Among the several rare species in the Sand Plains are the purple pitcher plant and a sundew (both of which are carnivorous plants), red-shouldered hawks, martens, and the frosted elfin butterfly, which is a threatened species in New York State. Other species to be found include wild blue lupine (also rare, and the food for the frosted elfin), barrens buckmoth (Hemileuca maia), whippoorwill, pine warbler and pitch pine, normally indigenous to coastal areas.

The Rome Sand Plains were owned privately through about 1980. The sand was mined to make molds and cores for metal casting. An application for a permit to mine sand around 1980 triggered a regional effort to protect the area. The New York State Department of Environmental Conservation (NYSDEC) began purchasing lands, working with The Nature Conservancy and other organizations. Approximately 1700 acre of the Sand Plains have been purchased by the NYSDEC, and are designated as the Rome Sand Plains Unique Area. The Nature Conservancy holds another 1000 acre. The Izaak Walton League holds about 440 acre, Oneida County holds an additional 770 acre as a County Forest, and a few acres are held by the City of Rome. A map showing these holdings was released by the NYSDEC in 2008; the map shows the location of three foot trails maintained by the NYSDEC and one by the Izaak Walton League. A consolidated management plan involving all five preserves, and addressing the entire Sand Plains area, was published in 2006.

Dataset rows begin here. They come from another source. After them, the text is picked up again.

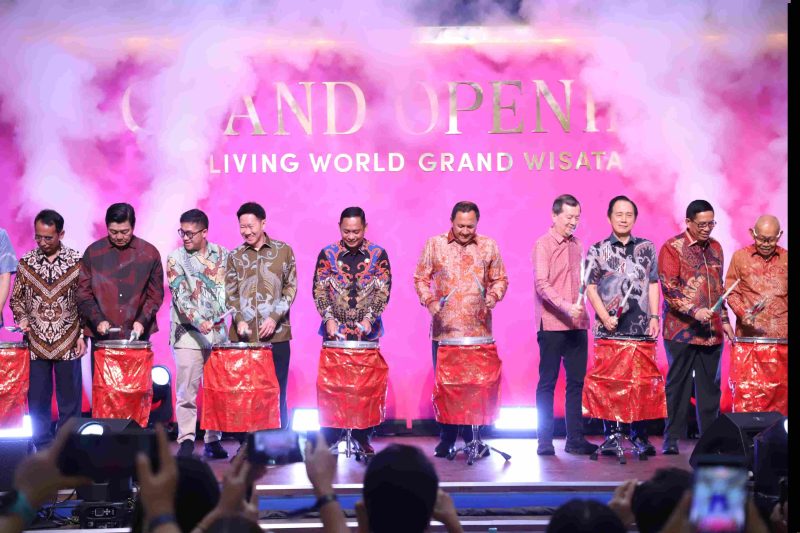 Wakil Bupati Bekasi dr. Asep Surya Atmaja menghadiri Ceremony Grand Opening Living World Grand Wisata, kehadiran pusat perbelanjaan di Kecamatan Tambun Selatan ini diharapkan dapat berkontribusi terhadap peningkatan Pendapatan Asli Daerah (PAD) Kabupaten Bekasi. Sabtu, (22/02/2025). 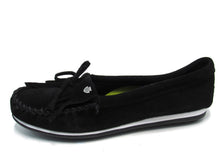 Minnetonka Kilty Plus Moccasin Flats (Women's) - Black - Sz 8.5 M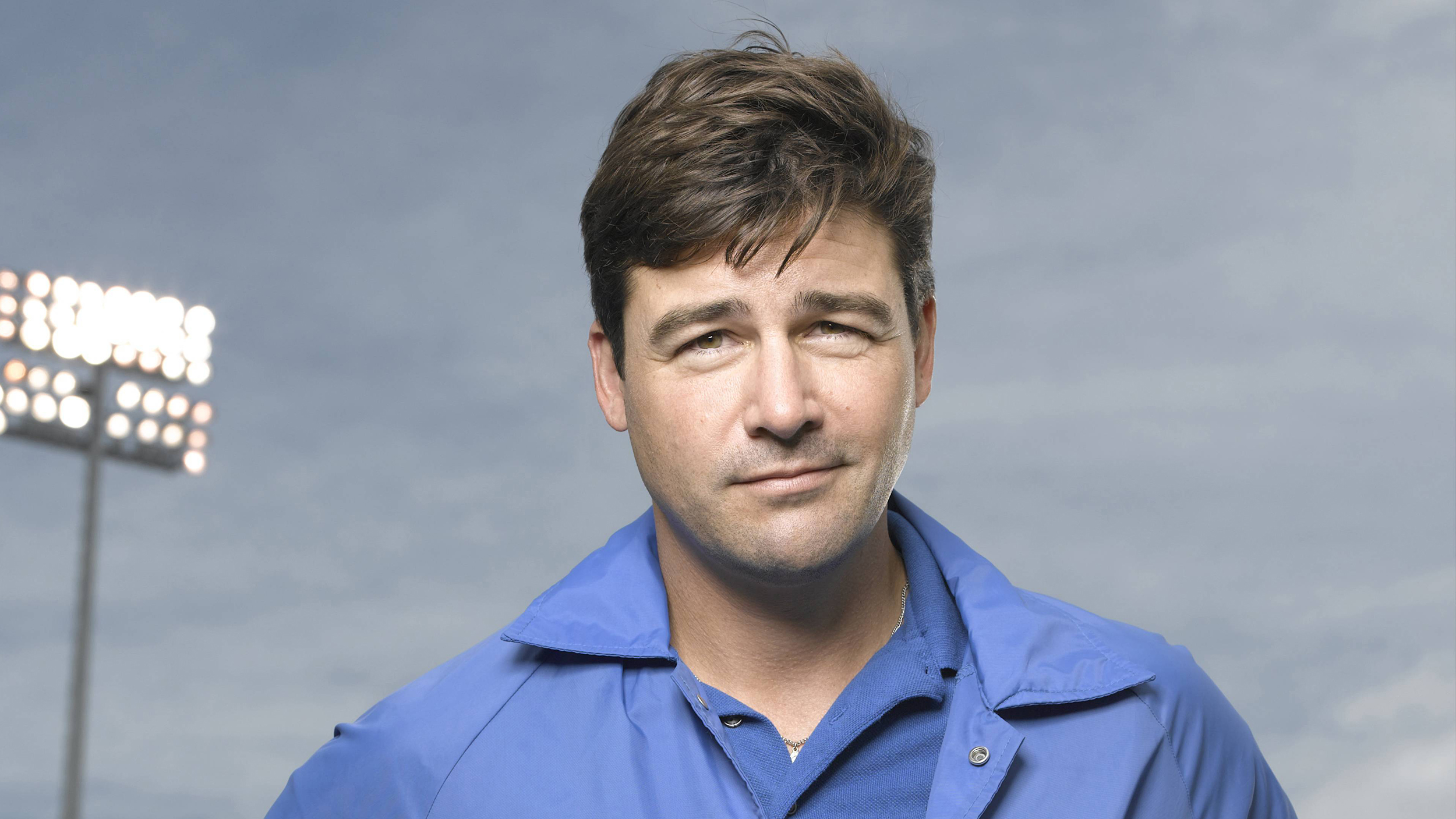 Ator Kyle Chandler entre para o elenco de Godzilla: Rei dos Monstros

The sand plains are considered by geologists to be a relic of Lake Iroquois, which was a somewhat larger version of the present Lake Ontario that existed near the end of the last ice age about twelve thousand years ago. The level of Lake Iroquois was about 100 ft higher than Lake Ontario's present level. Lake Iroquois drained to the Atlantic Ocean through the Mohawk and Hudson rivers, and its outlet was near the present Sand Plains. Lake Ontario's outlet is near the Thousand Islands, and the lake drains through the Saint Lawrence River; this outlet was dammed by ice in the period when Lake Iroquois existed.